Results strongly vary changing torch.manual_seed() for small system

erm · May 4, 2020, 1:19pm

Hi, I am trying to reproduce a NN in Python, using PyTorch. I set in my code np.random.seed(3) and torch.manual_seed(3) (the numpy seed being the same as the one used for the NN without Pytorch, and the torch seed, being whatever value).
I know the results are different with different initial seed because the optimizer will start in a different point, but the differences are huge. If I choose torch.manual_seed(1) the train and test accuracy are 65% and 34%, respectively. If I choose torch.manual_seed(3), they are instead 97% and 68%. My datasets consist on a training set of only 209 images and 50 testing images. I am using SGD instead of gradient descent.
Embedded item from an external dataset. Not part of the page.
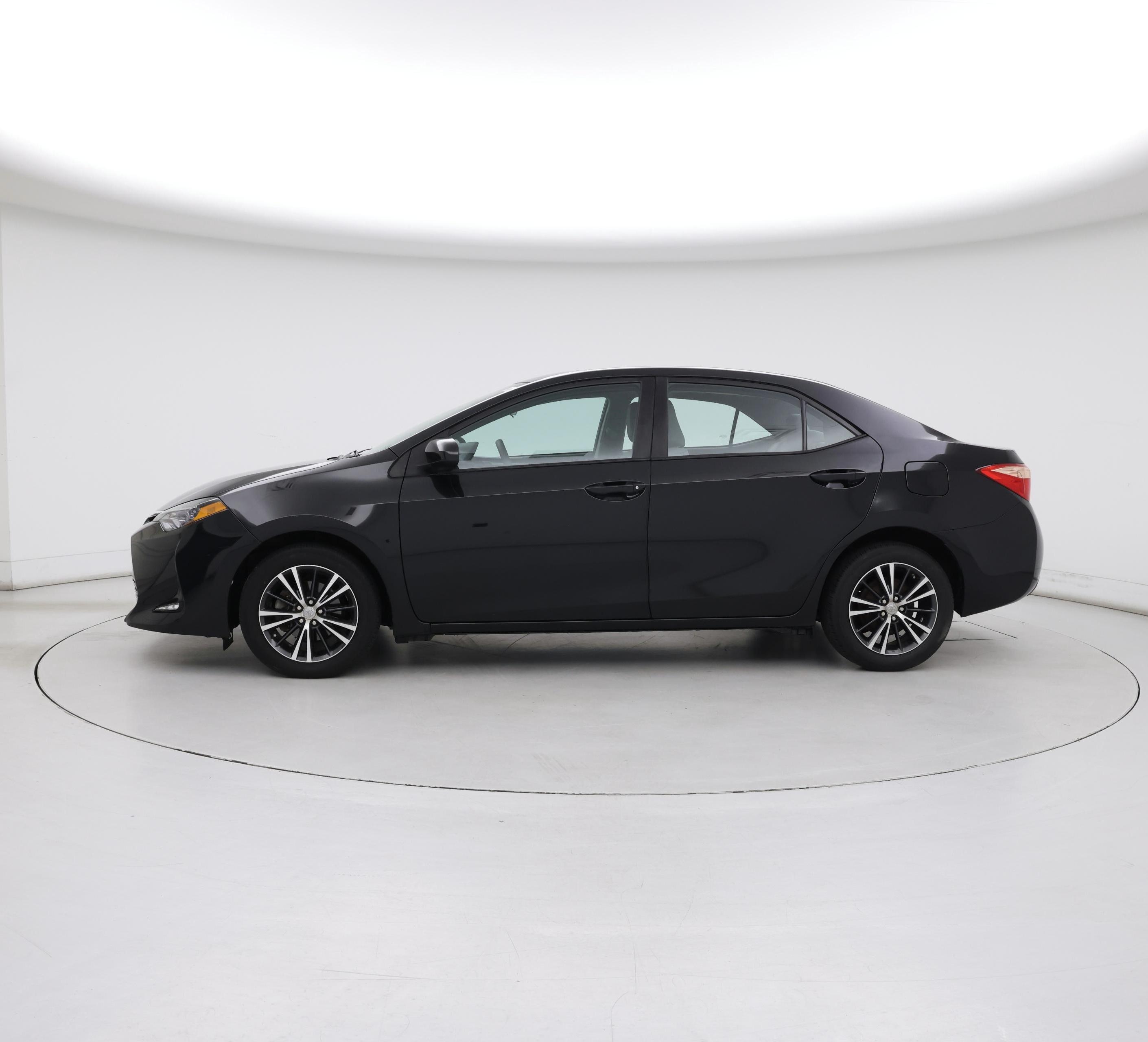 Thumbnail: 2019 Toyota Corolla - 3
Is there any reason to think that gradient descent would be less affected on the initial conditions than the SGD? (different seeds giving similar accuracies)
I would expect strong differences if I would be working with a huge dataset as CIFAR-10 for example, but not with a small dataset as the one described. Am I wrong in the logic I follow?

ptrblck · May 5, 2020, 6:21am

The loss curve of GD is usually less noisy and the loss should decrease in each step.
Using SGD on the other hand gives you more noise, but also the final accuracy is often better than in GD. One might claim that the noisy updates add some regularization, but I’m not sure what the current theory is.

If random seeds give such different results, your overall training is unstable, which is a bad sign.

I would expect it the other way around. From my experience, the more data you have, the less likely it is to get trapped in a local minima.
E.g. if you are dealing with the XOR problem, you might easily stuck in a local minima and the seeds might decide if your model trains fine or not.
If you are training on ImageNet, I doubt that the seeds will make a huge difference. The training success would most likely be defined by the overall training, model architecture, augmentation etc.

erm · May 5, 2020, 7:57am

Thanks for your answer. I need to develop intuition in this area yet. In Computational Chemistry we use also GD, SGD, and the sensitivity to initial conditions increases with the number of atoms, due to the presence of more degrees of freedom. So, my line of thinking was that the binary classification of cat vs non cat , would be less affected than a ten classes classification as CIFAR-10. But I see your point, and the role of the amount of data.